O apóstolo Paulo nos fala sobre isso no v. 14: “E, se Cristo não ressuscitou, é vã a nossa pregação e é vã a fé que vocês têm”. Sem a ressurreição, toda a fé cristã se torna algo vão e fútil. Lucas nos relata no livro de Atos dos Apóstolos que as primeiras comunidades cristãs fundadas pelo mundo antigo estavam fundamentadas na esperança de que Jesus Cristo venceu a morte. Em Atos 17.16-33, por exemplo, o apóstolo Paulo faz um longo debate sobre a ressurreição com filósofos gregos que estavam na cidade de Atenas. Além disso, o espalhamento do Evangelho se dá pelas palavras ditas pelo próprio Cristo vivo: “Mas, vocês receberão poder, ao descer sobre vocês o Espírito Santo, e serão minhas testemunhas tanto em Jerusalém como em toda a Judeia e Samaria e até os confins da terra”. (Atos 1.8). Portanto, só pode existir comunidade cristã se existir fé na ressurreição.

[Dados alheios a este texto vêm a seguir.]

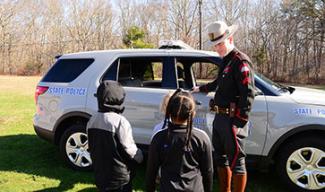 children looking at state police vehicle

É sobre isso que o apóstolo Paulo está falando nos vs. 14-16. Se Jesus não ressuscitou, todos os quilômetros que ele já percorreu, todos os apedrejamentos, todas as prisões e todas as humilhações por causa da pregação do Evangelho de nada valeram. Pesquisadores da Bíblia estipulam que o apóstolo Paulo viajou um pouco mais de 11.050 quilômetros via mar em um total de 11 dias e 13.730 quilômetros via terra em um total de 552 dias, totalizando 24.780 quilômetros em viagens para pregar o Evangelho2. Se Jesus não ressuscitou, Paulo fez tudo isso em vão.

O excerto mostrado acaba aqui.